→ Task goal: Of the entries below, restate word for word only the section that runs from the line with "Super Soco TC" to the line with "Massimo Dutti Soft", counting both ends.

→ Entries supplied:
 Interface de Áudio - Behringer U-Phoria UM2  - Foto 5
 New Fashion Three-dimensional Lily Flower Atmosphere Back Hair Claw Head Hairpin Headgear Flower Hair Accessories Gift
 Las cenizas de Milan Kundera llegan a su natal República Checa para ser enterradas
* * *
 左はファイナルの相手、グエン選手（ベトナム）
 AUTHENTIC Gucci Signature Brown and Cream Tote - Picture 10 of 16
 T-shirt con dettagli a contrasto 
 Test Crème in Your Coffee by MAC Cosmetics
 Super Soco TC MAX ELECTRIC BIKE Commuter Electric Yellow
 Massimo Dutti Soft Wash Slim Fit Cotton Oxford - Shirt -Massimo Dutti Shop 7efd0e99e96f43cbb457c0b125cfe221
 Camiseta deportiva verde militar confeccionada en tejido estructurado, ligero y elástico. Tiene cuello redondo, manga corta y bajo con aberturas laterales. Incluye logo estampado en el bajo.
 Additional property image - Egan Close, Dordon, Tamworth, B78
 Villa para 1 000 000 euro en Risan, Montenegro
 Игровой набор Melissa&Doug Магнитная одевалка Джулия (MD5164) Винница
* * *
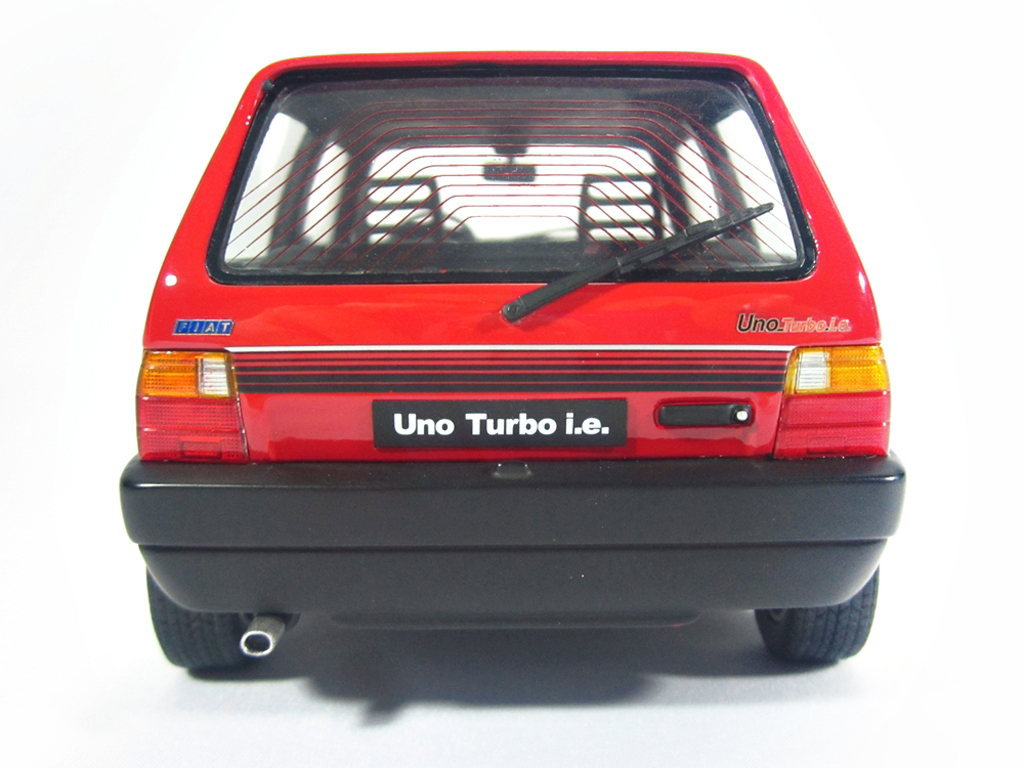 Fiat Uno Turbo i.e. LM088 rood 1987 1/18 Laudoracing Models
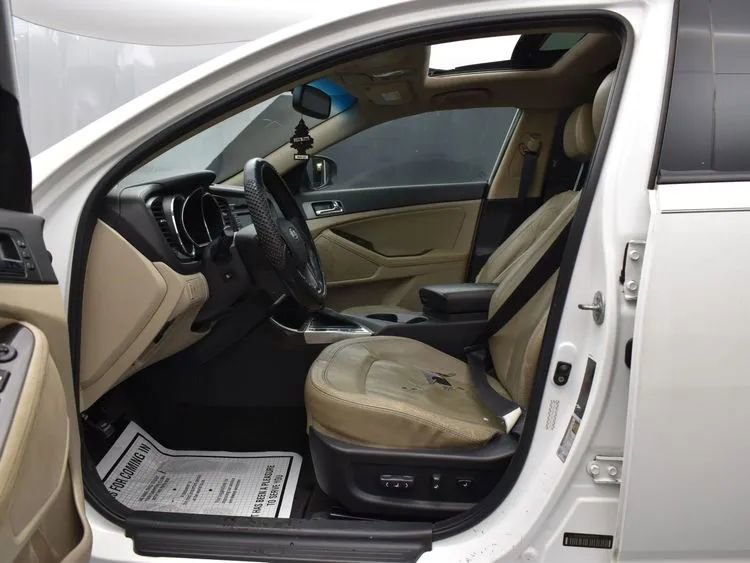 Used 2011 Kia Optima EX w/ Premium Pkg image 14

→ Exercise output:
 Super Soco TC MAX ELECTRIC BIKE Commuter Electric Yellow
 Massimo Dutti Soft Wash Slim Fit Cotton Oxford - Shirt -Massimo Dutti Shop 7efd0e99e96f43cbb457c0b125cfe221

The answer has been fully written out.